Me, I'm a head-person. So when I write a desc I'll spend 3 lines describing that, one line describing the rest of his body. I just can't find too many ways to concentrate on the rest of his body.

The whole eye thing is kinda iffy to me. On the one hand, you can't see someone's eyes a league away. On the other hand, you can't see someone's skin up close and personal unless they're not covered from head to toe, so why does everyone describe their skin in their main descs?

I say, if the eyes are unusual (odd colored, crossed, one blind, cloudy, multi-hued, vacuous), then I see nothing wrong with including them in a sdesc. Even so, the "brown-eyed woman" might be a very boring description but I see nothing wrong with it per se.

I remember a previous thread, or maybe a IM chat with someone, concerning the "with" sdesc.  The man with green hair. That kind of thing. There was some flaw in using it that had to do with code and mechanics, maybe emotes, but I can't remember what.
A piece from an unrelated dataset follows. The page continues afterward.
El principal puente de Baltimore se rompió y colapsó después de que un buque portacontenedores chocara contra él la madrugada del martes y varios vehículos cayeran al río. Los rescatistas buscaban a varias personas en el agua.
If the staff lets it in, then unless there's a typo or spelling/grammar mistake they didn't catch, I'm not going to obsess over it just because I personally don't care for the choice of sdescs a given player uses.

Quote from: "John"
Quote from: "mansa"I got a character rejected for using something other than man.
I wouldn't say that's normal staff policy. I've used red-head before and was quite safe.

Here's a quote from an email I received.

QuoteWe're trying to move away from words like "scamp" "maiden" "imp" etc. and going for more neutral terms like "youth" etc.  "Scamp" has too many connotations of personality, which should be evident through roleplay rather than through description.
[/b]
New Players Guide: http://gdb.armageddon.org/index.php/topic,33512.0.html


Quote from: Morgenes on April 01, 2011, 10:33:11 PM
You win Armageddon, congratulations!  Type 'credits', then store your character and make a new one

They have a point, though, don't they?   'Scamp' is a good word, but it would imply something about the personality of the character.  It goes beyond a physical description.

That still leaves the door open for plenty of other creative nouns, I think.
"No live organism can continue for long to exist sanely under conditions of absolute reality; even larks and katydids are supposed, by some, to dream." - Shirley Jackson, The Haunting of Hill House

x-haired y-eyes don't bother me, but probably because I've played a good bit of them. In fact, the majority of mine have been. I've done a few different ones as well, but that just happens to be what usually sounds best (and fits in the 35 character alotment) when I'm working on my own. Of course, I don't mind the more elaborate ones, or creative words. But, I dislike, border on -hate-, having some word that is SO obscure and uncommon.. I've never heard it before, and I don't even have a half-assed guess as to what it could possibly mean. That does strike me as a little ridiculous.
And it doesn't mean I just need to expand my vocabulary. :roll:
Quote from: jhunterI'm gonna show up at your home and violate you with a weedeater.  :twisted:

[derail]
Has anyone ever had 'the green man'?